— SUPPLIED DATA —
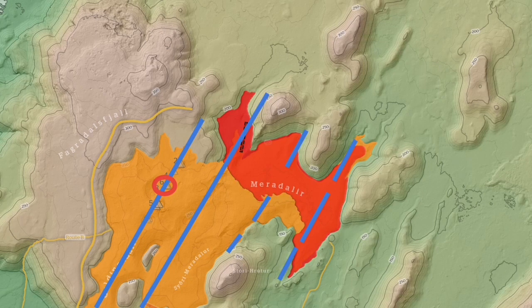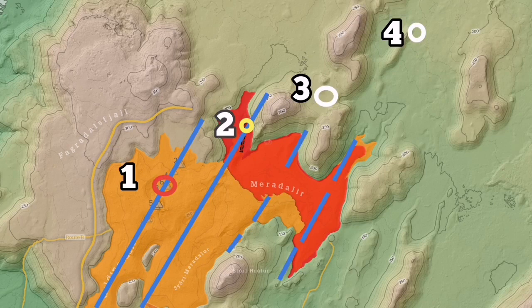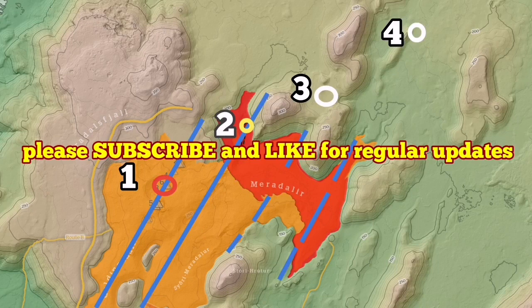Fagradalsfjall was here. Then we had Meridale. The next one will be on top of that, by the white circle. And the other white circle to the top right — one, two, three, four — are my estimates, or my guesstimate I should say, of where the next eruptions will be, based on the movements of the plates and the extension that we have in the valley by the action of the mid-Atlantic ridge.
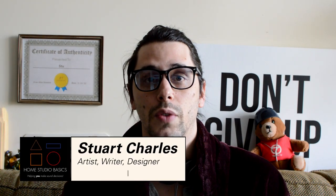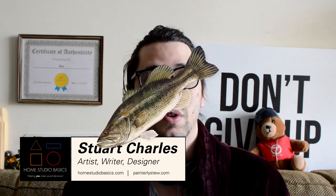Greetings boss head and welcome aboard. Stuart Charles here at HomestudioOfIceX.com helping you make sound decisions leading to a beautiful audio experience that will make you fall in love with music all over again.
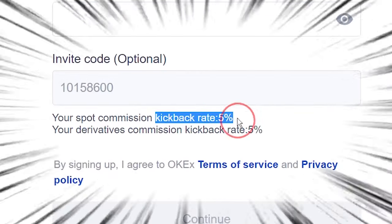When using OKX, it's best to sign up with a referral link because you will get a 5% discount on your trading fee. If your friend has a link, just use theirs. Otherwise, you can just use mine down in the description below.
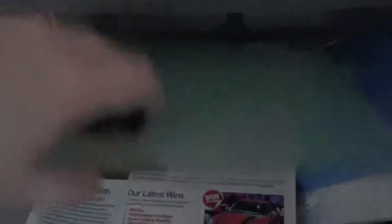My drawers are back to normal. Stationery in the top drawer. The second drawer down is all my comping things — receipts I need to keep, my back copies of Compass News, and some samples I want to take to my comping club. And the bottom drawer is back to being my envelopes, stickers, and postcards.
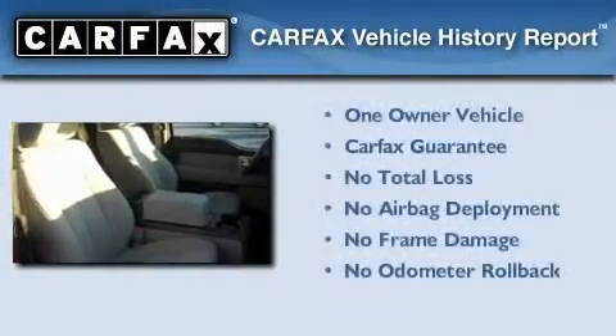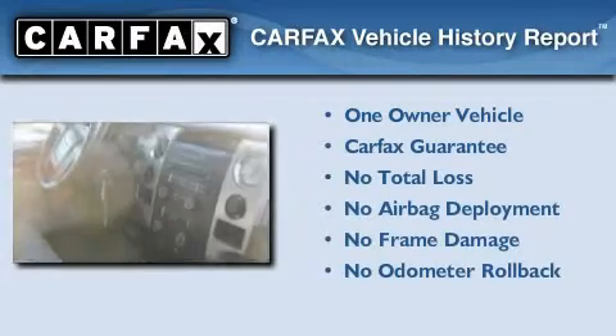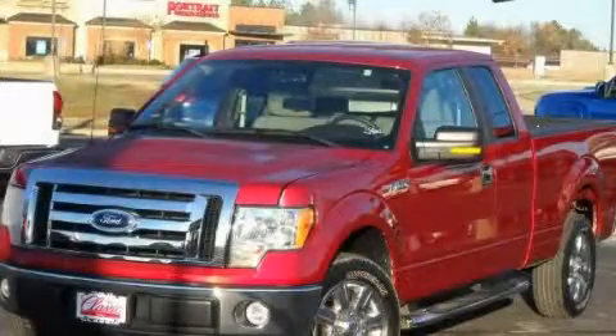This Ford has had only one owner and it qualifies for the Carfax buy-back guarantee. Call or visit us right now and arrange your test drive today.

— WHAT THE TASK ASKS —
Return word for word the lines from the beginning of the entries through the line that contains "My drawers are", both ends included, but no pictures.

— OUTPUT FOR THIS EXERCISE —
Fagradalsfjall was here. Then we had Meridale. The next one will be on top of that, by the white circle. And the other white circle to the top right — one, two, three, four — are my estimates, or my guesstimate I should say, of where the next eruptions will be, based on the movements of the plates and the extension that we have in the valley by the action of the mid-Atlantic ridge.
Greetings boss head and welcome aboard. Stuart Charles here at HomestudioOfIceX.com helping you make sound decisions leading to a beautiful audio experience that will make you fall in love with music all over again.
When using OKX, it's best to sign up with a referral link because you will get a 5% discount on your trading fee. If your friend has a link, just use theirs. Otherwise, you can just use mine down in the description below.
My drawers are back to normal. Stationery in the top drawer. The second drawer down is all my comping things — receipts I need to keep, my back copies of Compass News, and some samples I want to take to my comping club. And the bottom drawer is back to being my envelopes, stickers, and postcards.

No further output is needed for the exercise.